Abstract
Background/Aims When new medications are introduced, safety data are often sparse. Health plan data may be useful for active surveillance for adverse events. We conducted a 12-month pilot study to demonstrate the feasibility of prospective active surveillance using data from several large health insurers. This presentation will summarize logistical challenges and lessons learned.
Methods We studied the safety of generic divalproex sodium, an antiepileptic drug introduced in July 2008, compared to the branded drug. We performed monthly surveillance using the maximized sequential probability ratio test, comparing observed outcomes in new users of the generic drug to expected counts based on new users of the branded drug from January 2002 – June 2008. Programmers at four HMO Research Network sites extracted data monthly, ran quality control (QC) programs, and returned summary tables to the lead site. Medication exposure was identified from outpatient pharmacy dispensings. Outcomes identified from health plan utilization data included potential adverse effects (e.g. pancreatitis and liver disease) and efficacy outcomes (e.g. hospital or emergency department visits for seizures.)

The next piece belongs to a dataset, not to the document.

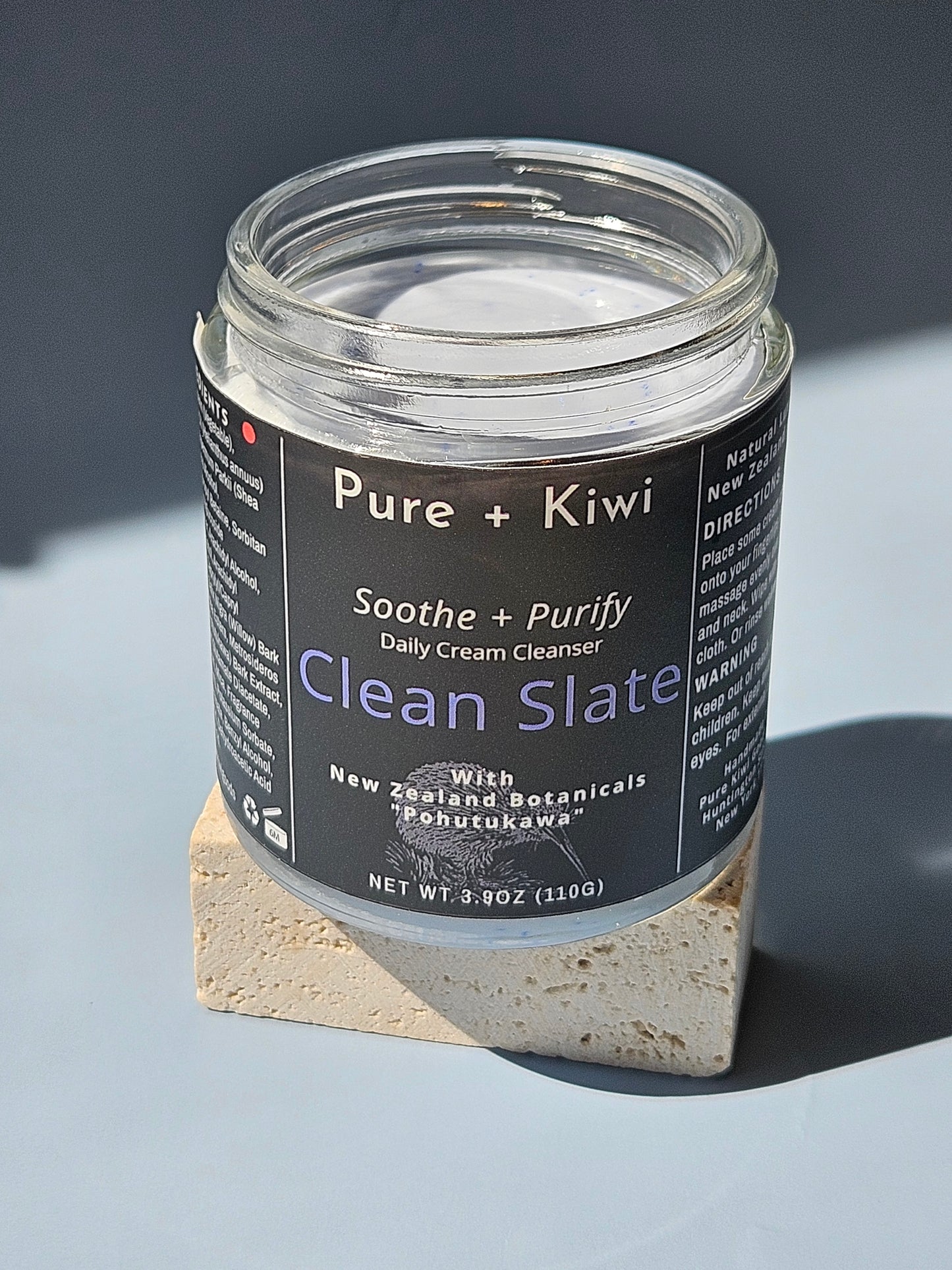 CLEAN SLATE - Cream Cleanser - Pohutukawa + Willow Bark (BHA) + Shea Butter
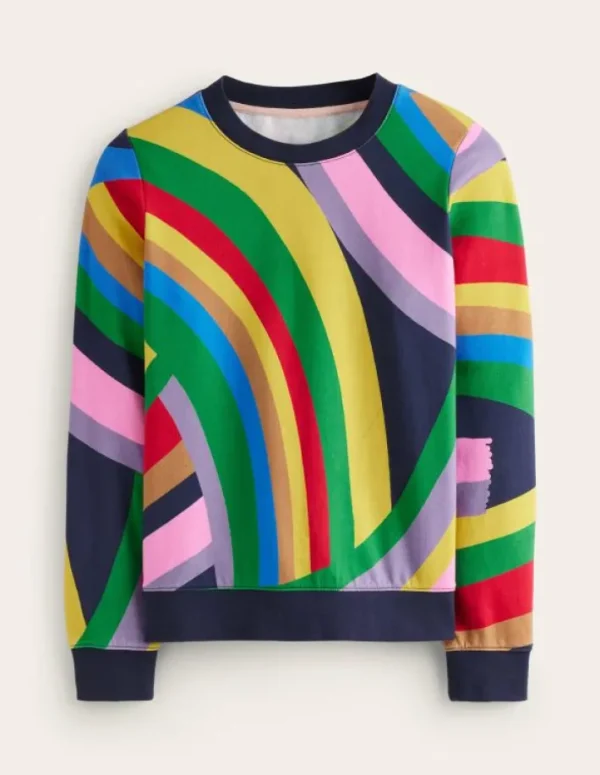 Cheap Boden Hannah Sweatshirt mit Print-Bunt, Abstrakter Regenbogen Bunt,AbstrakterRegenbogen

Results We will discuss lessons learned related to data sharing and HIPAA compliance, timing and synchronization of data pulls, and QC activities. Obtaining IRB approval took 3.5 months, and protocol development took 7 months. Developing the analytic program required two rounds of corrections, one leading to meaningful changes in results. QC programs identified substantial differences in monthly extracts across sites. Some QC flags required only understanding differences across sites, but others revealed data problems requiring resolution at the site level. Overall, 14% (4/28) of monthly extracts across the four sites could not be used due to underlying data problems or lack of analyst availability for timely extracts.
Conclusions Prospective drug safety surveillance is feasible, but future projects should anticipate the need for longer timelines and multiple revisions to data pulls and analytic programs. They should develop approaches to handling missing data, because some data pulls will not be usable. QC activities should continue throughout study implementation. A knowledgeable, engaged lead at each site is vital to ensure accuracy and appropriate interpretation of each site’s data.